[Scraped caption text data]
■ ■ ■
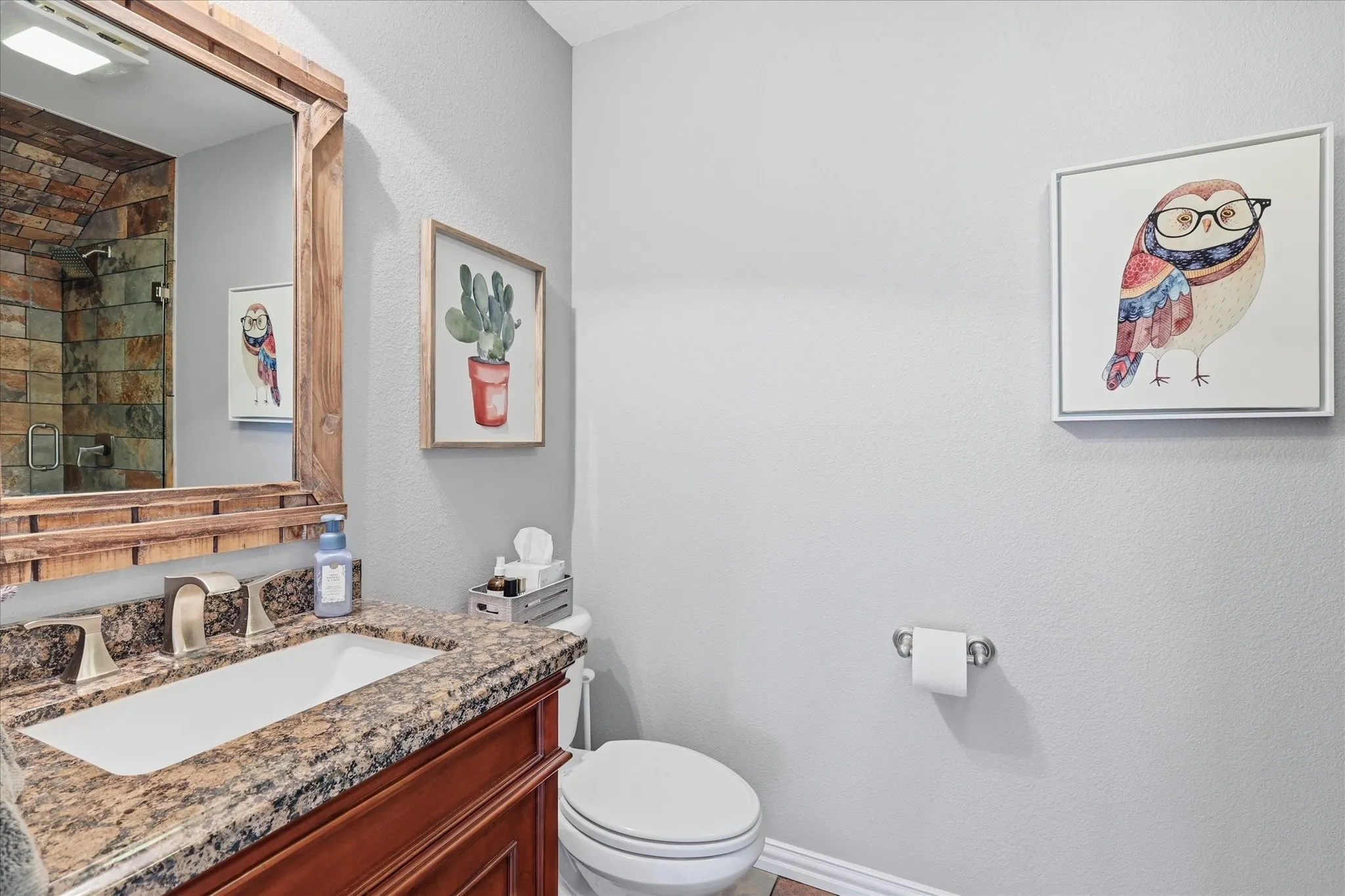 A stylish secondary bath with granite counters and a beautifully tiled walk-in shower adds another touch of quality throughout the home.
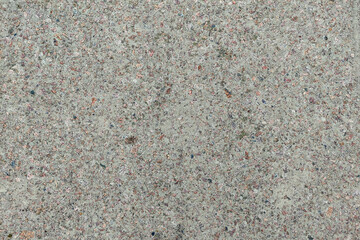 Concrete texture. Pebbles of different colors and signs of aging are visible.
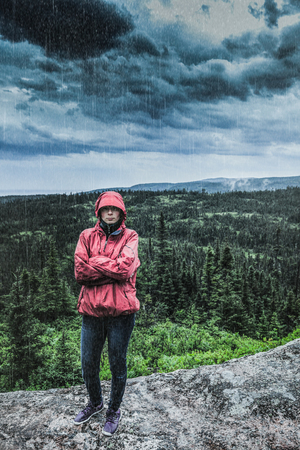 Unpredictable Heavy Rain Pouring on a Sad and Frustrated Young Woman Alone on top of a Mountain.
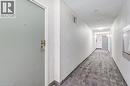 Hall featuring carpet floors and a textured ceiling - 3845 Lakeshore Boulevard W Unit# 804, Etobicoke, ON  - Indoor Photo Showing Other Room 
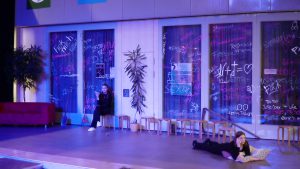 Bühne mit zwei Schauspielern in einem modernen, farbenfroh beleuchteten Raum. Im Hintergrund sind große Fenster mit bunten Graffiti und Pflanzen, während die Schauspieler in verschiedenen Positionen und Haltungen agieren. Eine Person sitzt auf einem Hocker, die andere liegt auf dem Boden und liest.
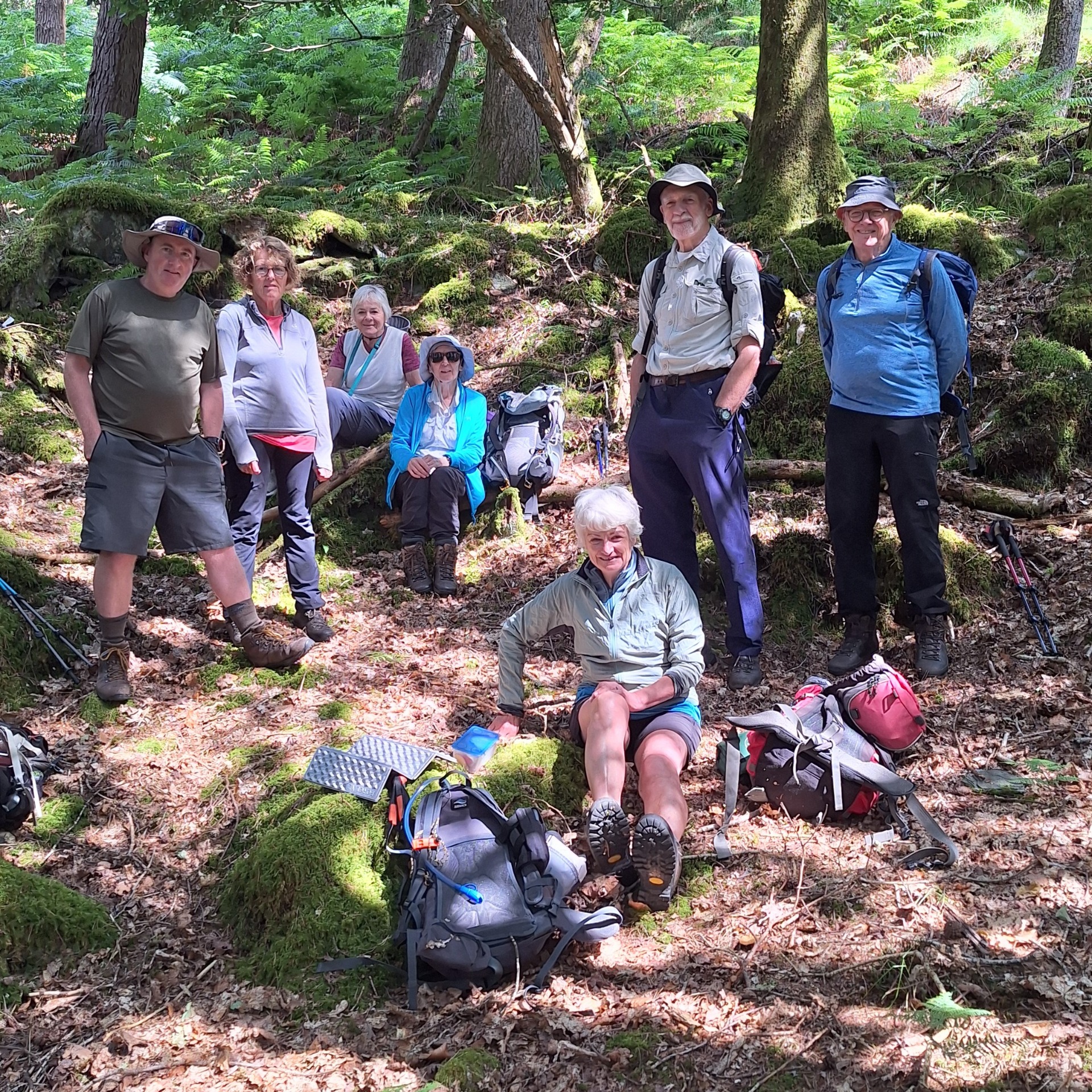 Group of hikers posing in a lush forest, backpacks and trekking poles on rocky ground.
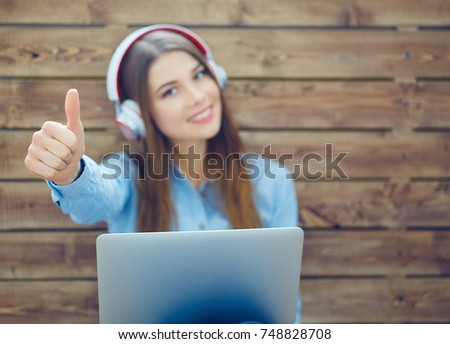 Young happy smiling brunette woman with headphones sitting with outstretched hand and thumb up. Girl listening music in headphones. Photo with depth of field.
■ ■ ■
▶ _What you will do_
Each entry above is to be given again exactly, and any image in it is to be dropped.

▶ _Written solution_
 A stylish secondary bath with granite counters and a beautifully tiled walk-in shower adds another touch of quality throughout the home.
 Concrete texture. Pebbles of different colors and signs of aging are visible.
 Unpredictable Heavy Rain Pouring on a Sad and Frustrated Young Woman Alone on top of a Mountain.
 Hall featuring carpet floors and a textured ceiling - 3845 Lakeshore Boulevard W Unit# 804, Etobicoke, ON  - Indoor Photo Showing Other Room 
 Bühne mit zwei Schauspielern in einem modernen, farbenfroh beleuchteten Raum. Im Hintergrund sind große Fenster mit bunten Graffiti und Pflanzen, während die Schauspieler in verschiedenen Positionen und Haltungen agieren. Eine Person sitzt auf einem Hocker, die andere liegt auf dem Boden und liest.
 Group of hikers posing in a lush forest, backpacks and trekking poles on rocky ground.
 Young happy smiling brunette woman with headphones sitting with outstretched hand and thumb up. Girl listening music in headphones. Photo with depth of field.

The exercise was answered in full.